## WHAT TO WORK ON:
The listing that follows should be copied in full, exactly as written.

## SOURCE DATA:
====
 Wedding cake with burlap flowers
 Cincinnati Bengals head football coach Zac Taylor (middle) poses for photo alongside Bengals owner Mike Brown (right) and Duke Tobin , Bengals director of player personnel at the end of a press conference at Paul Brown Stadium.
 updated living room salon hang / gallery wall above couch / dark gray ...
====
## WRITTEN RESPONSE:
 Wedding cake with burlap flowers
 Cincinnati Bengals head football coach Zac Taylor (middle) poses for photo alongside Bengals owner Mike Brown (right) and Duke Tobin , Bengals director of player personnel at the end of a press conference at Paul Brown Stadium.
 updated living room salon hang / gallery wall above couch / dark gray ...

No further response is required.